-- Assigned task --
The reply should contain only the lines from the start of the records through the line with "Foto 4 pulgar", reproduced verbatim and without pictures.

─── Data for review ───

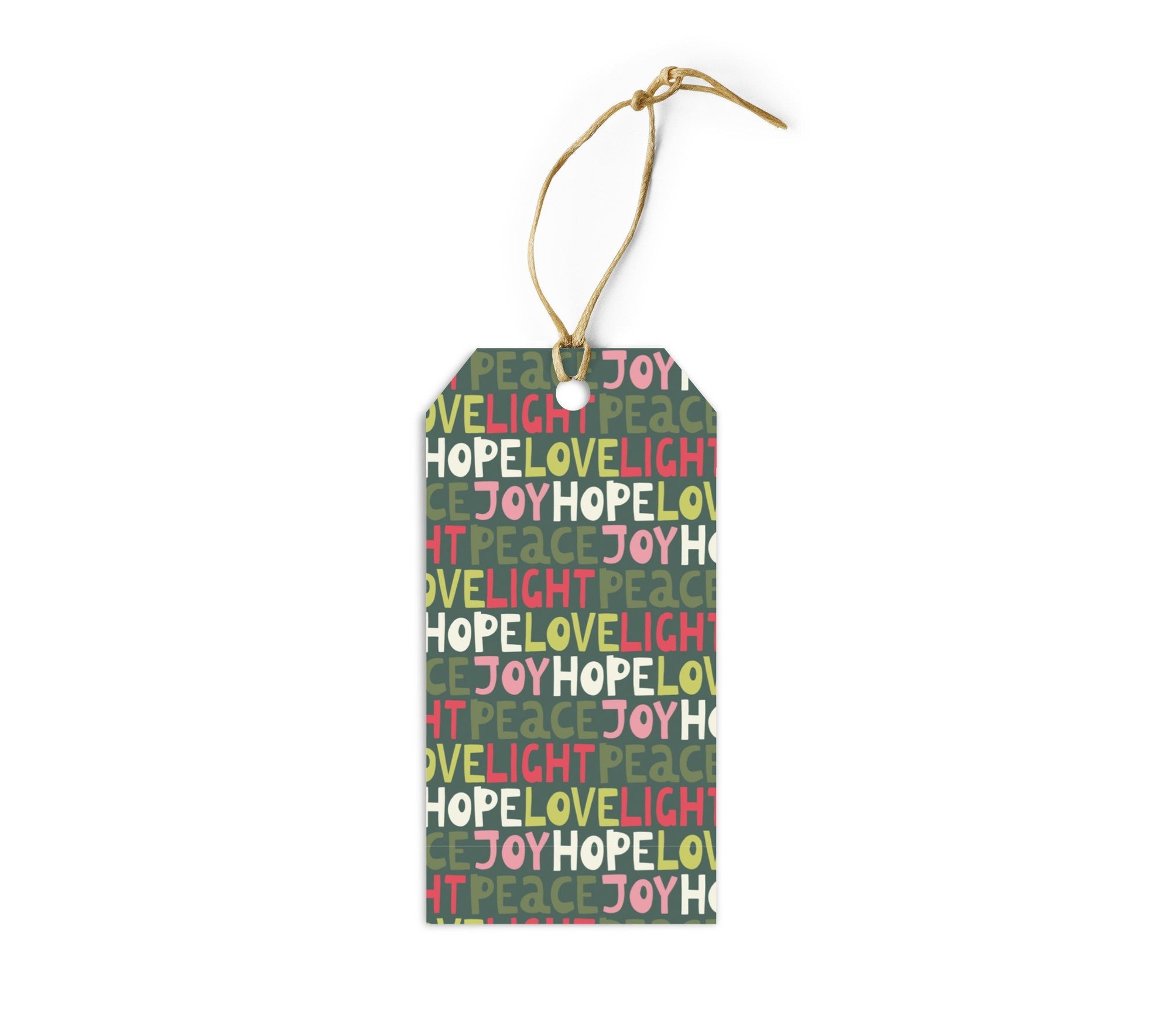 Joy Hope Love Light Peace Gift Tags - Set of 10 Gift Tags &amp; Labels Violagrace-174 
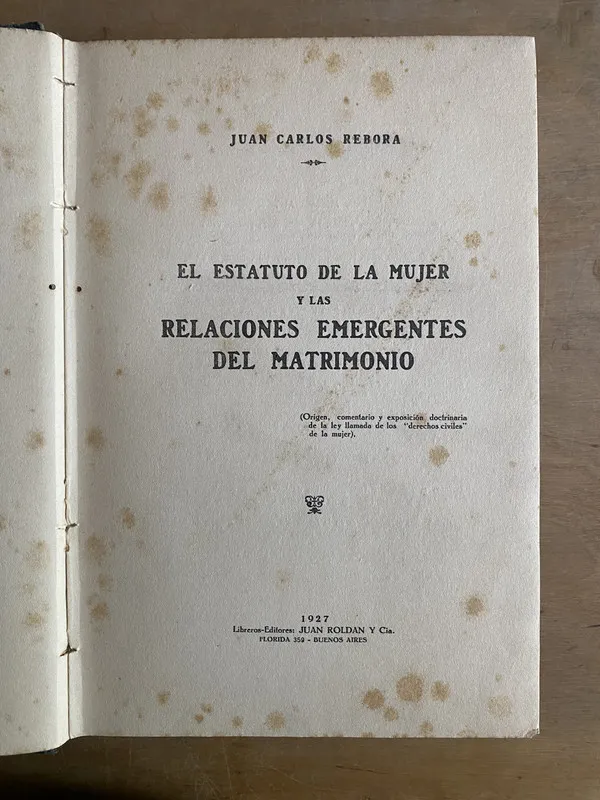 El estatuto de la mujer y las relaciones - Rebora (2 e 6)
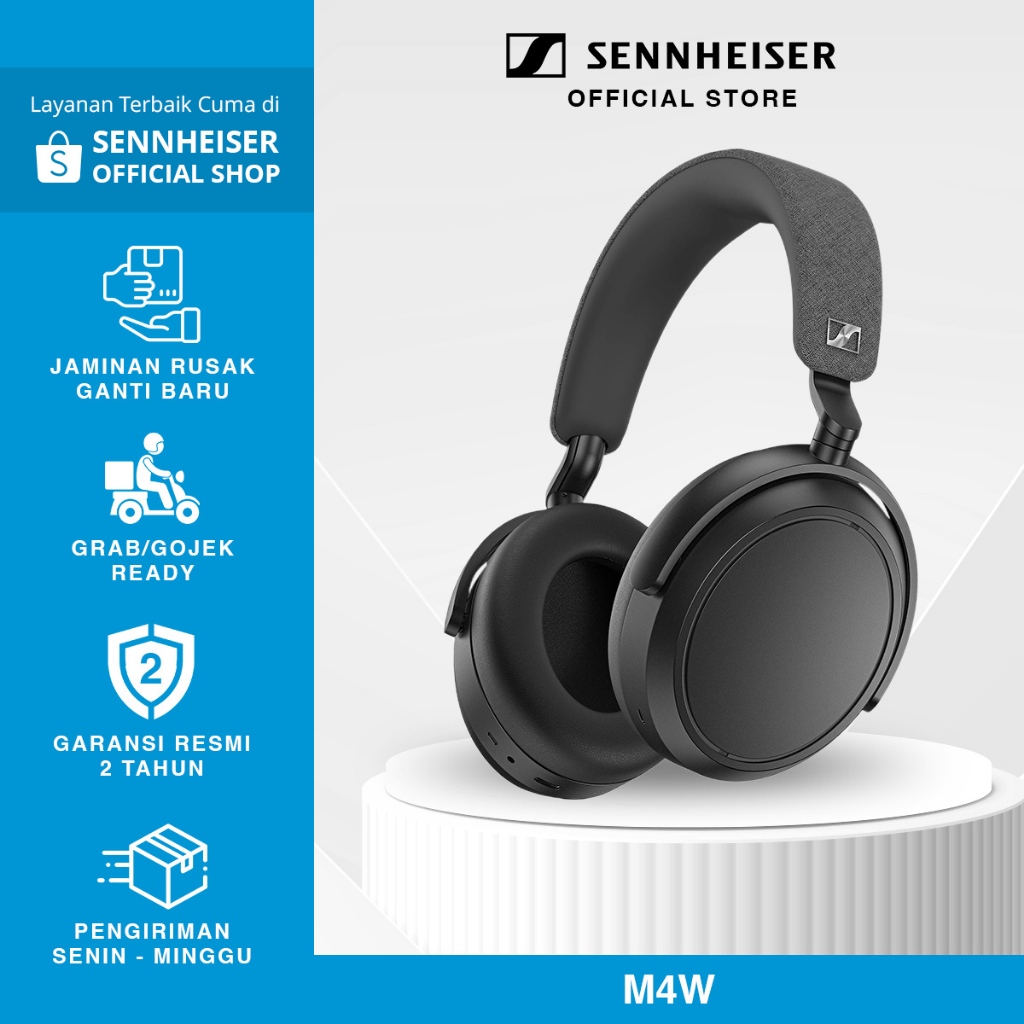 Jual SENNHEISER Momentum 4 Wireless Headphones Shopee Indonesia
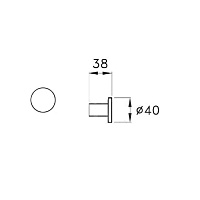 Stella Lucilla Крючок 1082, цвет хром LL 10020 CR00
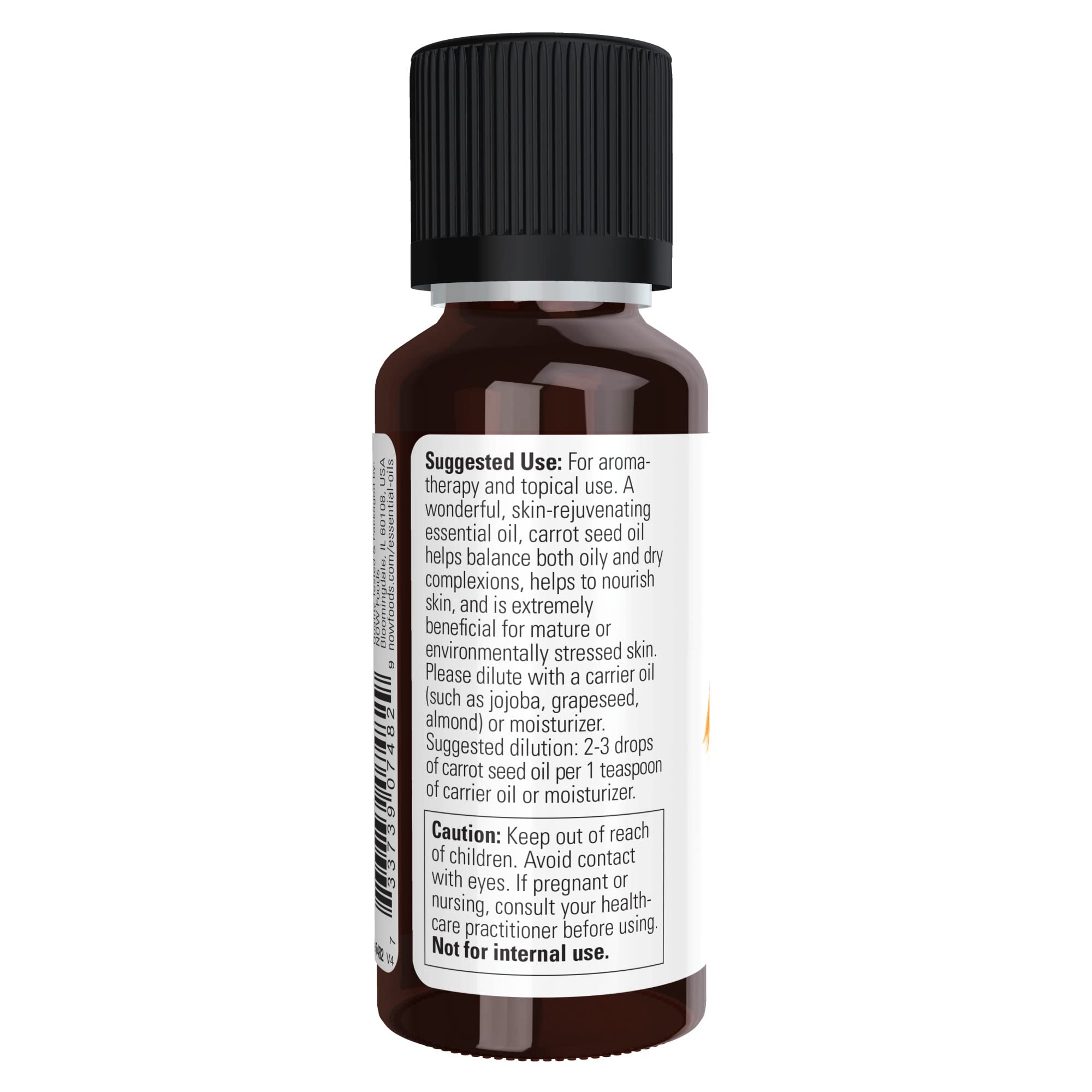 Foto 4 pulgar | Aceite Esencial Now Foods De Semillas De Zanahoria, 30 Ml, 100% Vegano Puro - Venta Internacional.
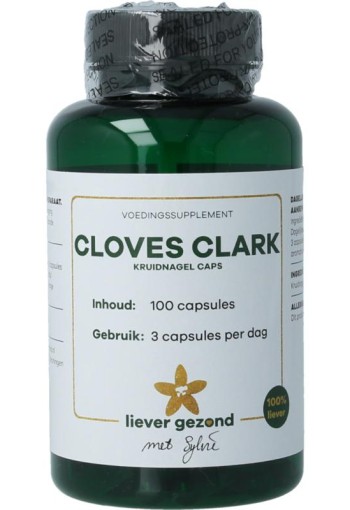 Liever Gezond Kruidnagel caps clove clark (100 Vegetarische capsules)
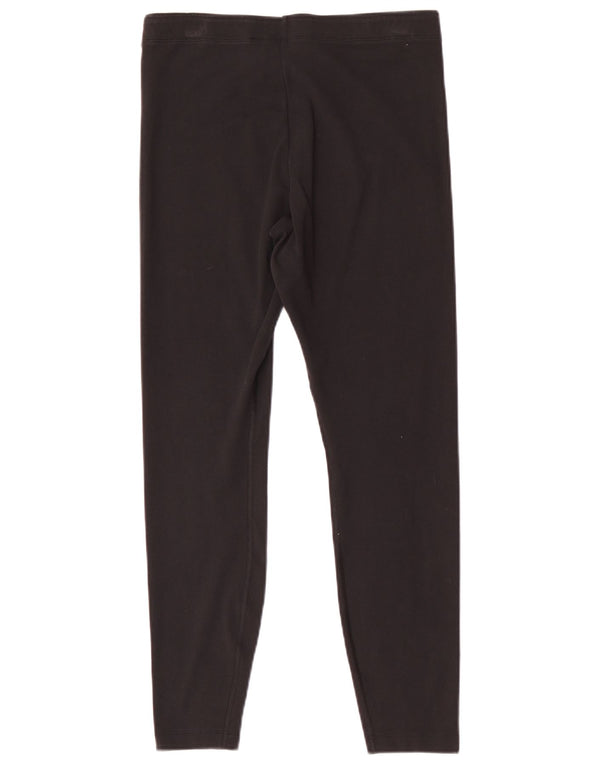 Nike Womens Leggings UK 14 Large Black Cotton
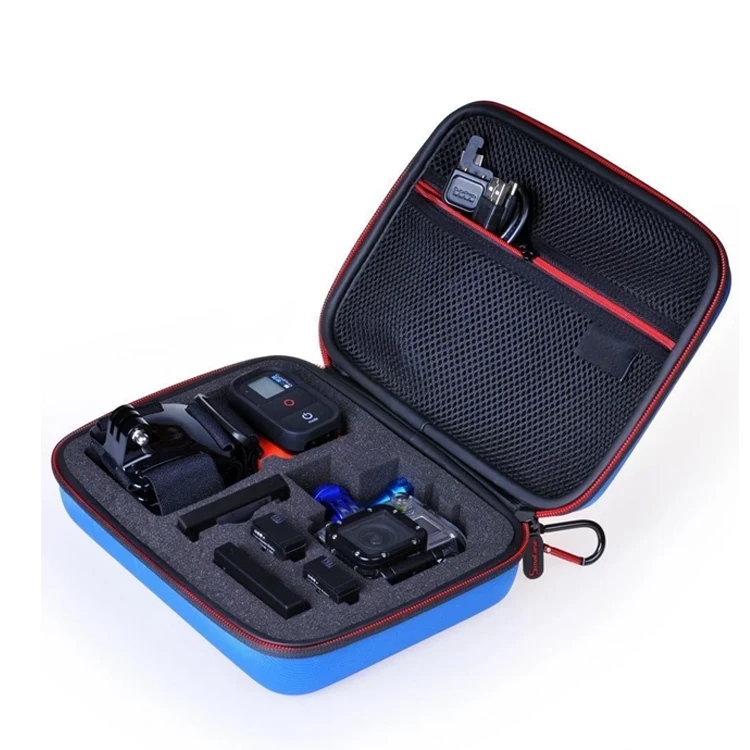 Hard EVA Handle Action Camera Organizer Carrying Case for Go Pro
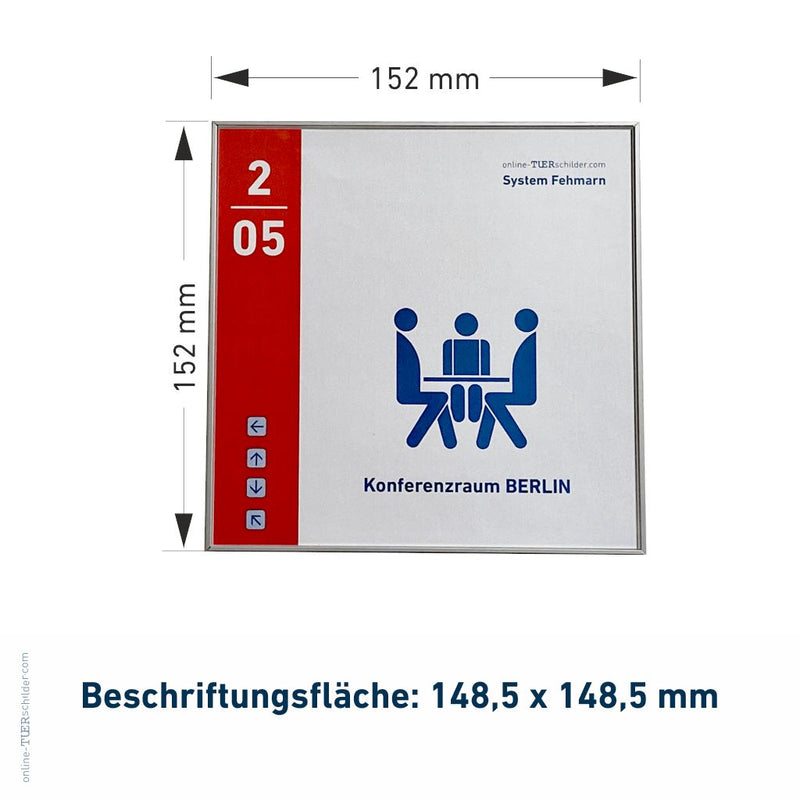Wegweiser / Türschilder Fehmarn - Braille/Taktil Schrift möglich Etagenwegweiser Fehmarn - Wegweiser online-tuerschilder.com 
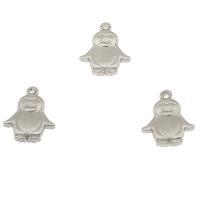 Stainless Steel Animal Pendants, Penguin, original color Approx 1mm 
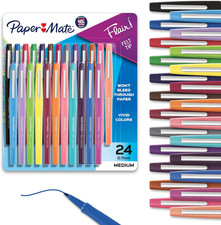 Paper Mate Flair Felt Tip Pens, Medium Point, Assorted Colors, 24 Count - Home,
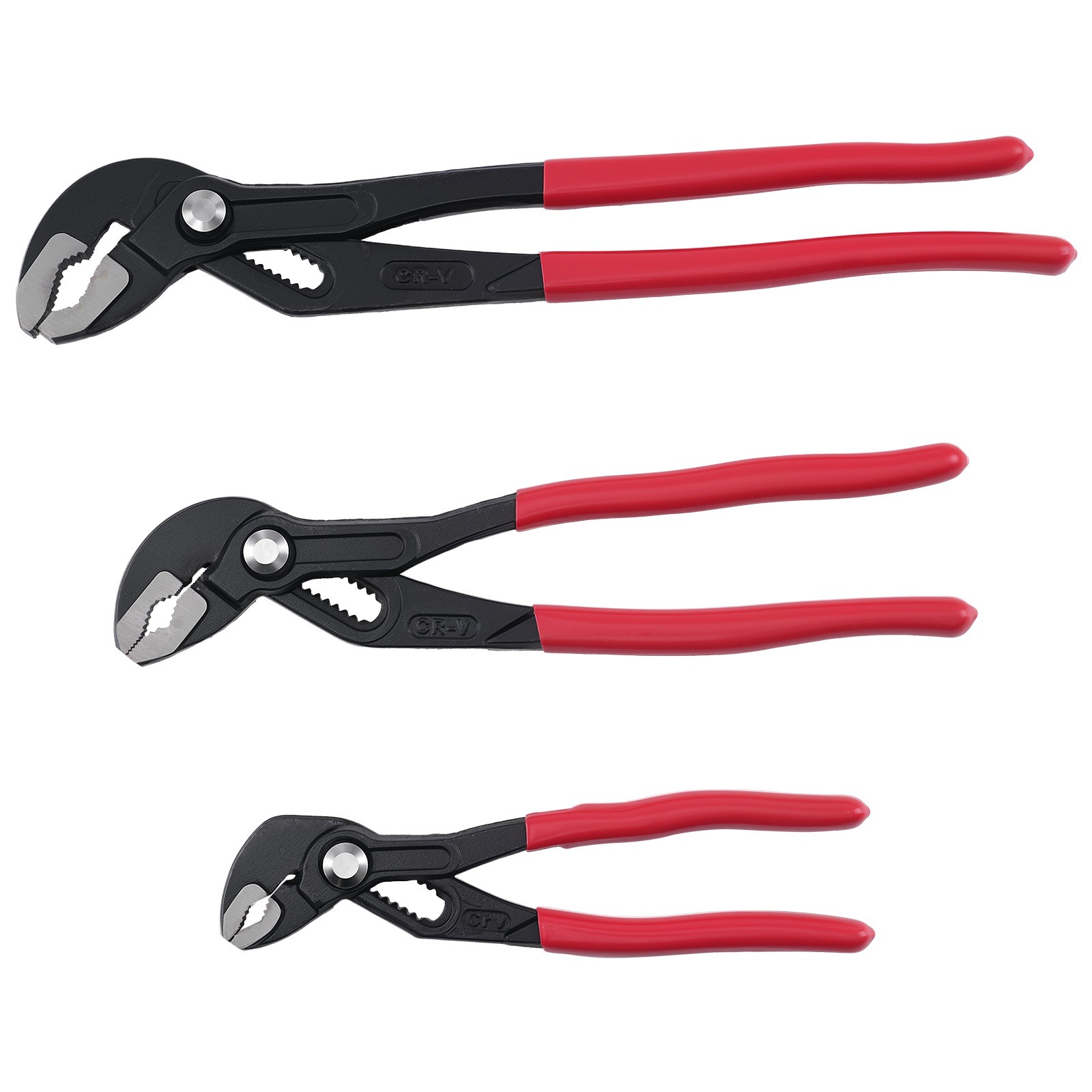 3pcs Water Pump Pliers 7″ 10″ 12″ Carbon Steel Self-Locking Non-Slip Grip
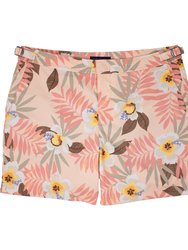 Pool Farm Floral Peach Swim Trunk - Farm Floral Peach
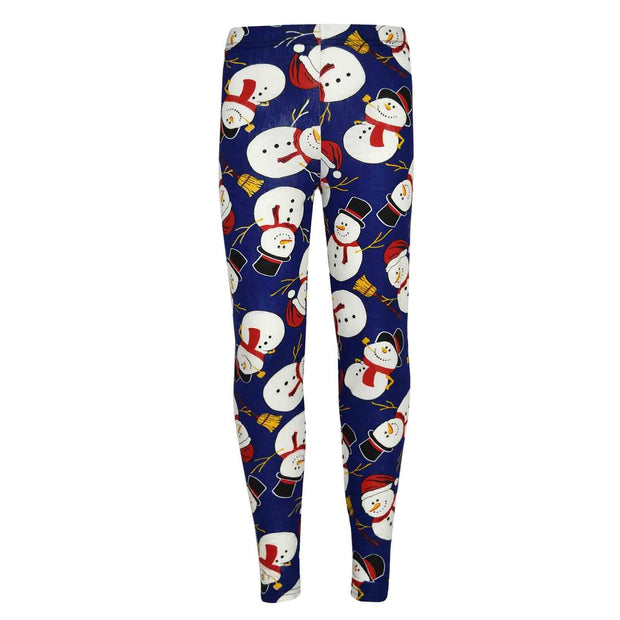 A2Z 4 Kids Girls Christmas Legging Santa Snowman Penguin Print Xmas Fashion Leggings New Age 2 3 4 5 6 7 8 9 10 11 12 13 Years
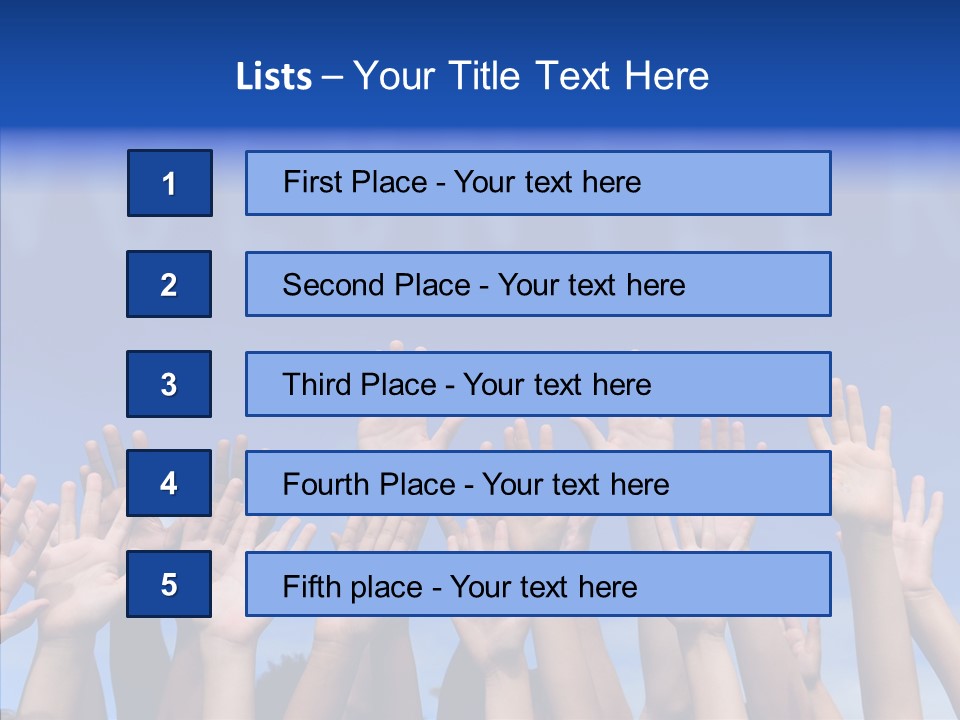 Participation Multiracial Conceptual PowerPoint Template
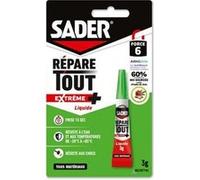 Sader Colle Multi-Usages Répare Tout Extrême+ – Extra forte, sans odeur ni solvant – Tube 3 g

───

-- Problem solution --
 Joy Hope Love Light Peace Gift Tags - Set of 10 Gift Tags &amp; Labels Violagrace-174 
 El estatuto de la mujer y las relaciones - Rebora (2 e 6)
 Jual SENNHEISER Momentum 4 Wireless Headphones Shopee Indonesia
 Stella Lucilla Крючок 1082, цвет хром LL 10020 CR00
 Foto 4 pulgar | Aceite Esencial Now Foods De Semillas De Zanahoria, 30 Ml, 100% Vegano Puro - Venta Internacional.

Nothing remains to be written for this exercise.